Reproduce the whole of the records exactly, and make sure no picture is carried into the result.
----- Records supplied -----
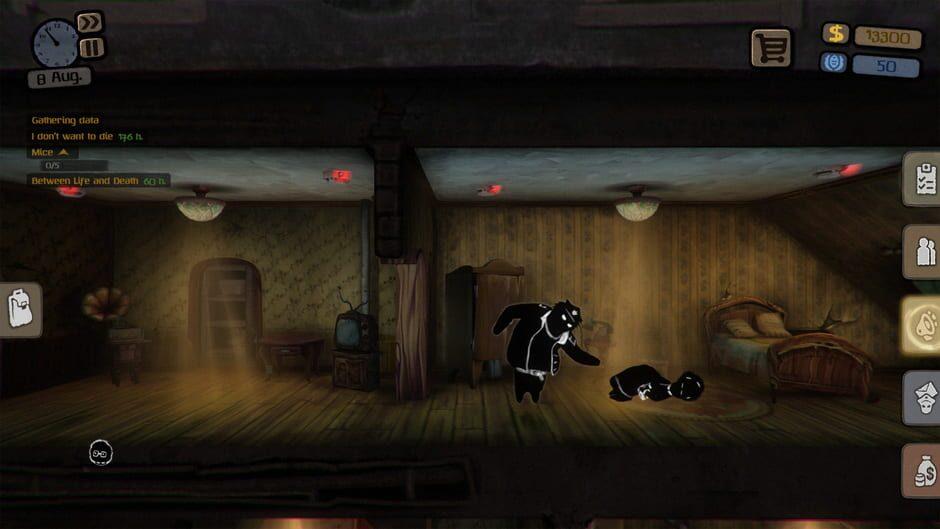 Beholder: Blissful Sleep screenshot 3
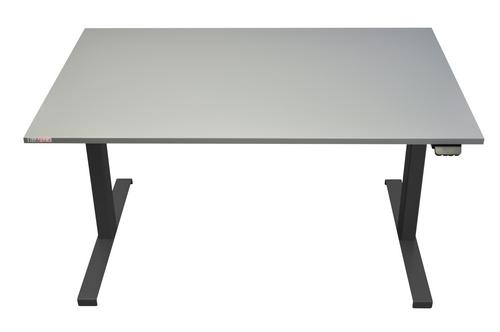 Höhenverstellbarer Tisch elektrisch 160/80 oder 180/80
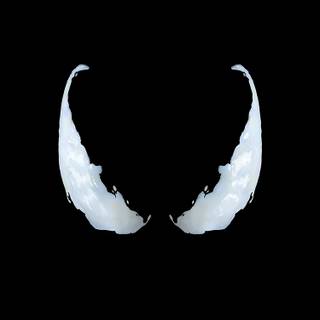 Venom iPhone 11 wallpaper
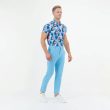 Men’s Golf Pants 4 Way Stretch - Image 8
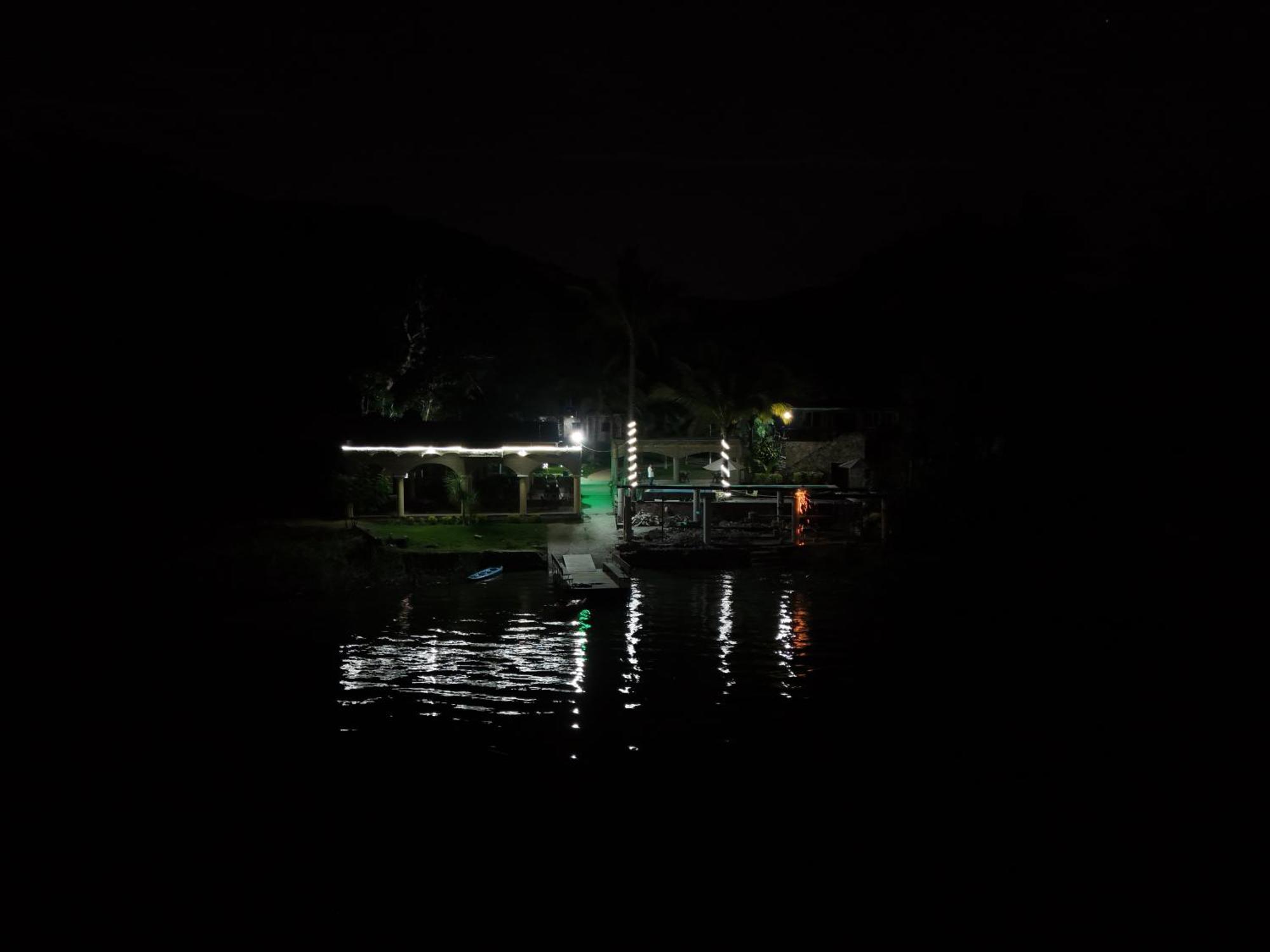 Ranchito Camping Chichicaxtle 외부 사진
-----
◆ Finished task:
 Beholder: Blissful Sleep screenshot 3
 Höhenverstellbarer Tisch elektrisch 160/80 oder 180/80
 Venom iPhone 11 wallpaper
 Men’s Golf Pants 4 Way Stretch - Image 8
 Ranchito Camping Chichicaxtle 외부 사진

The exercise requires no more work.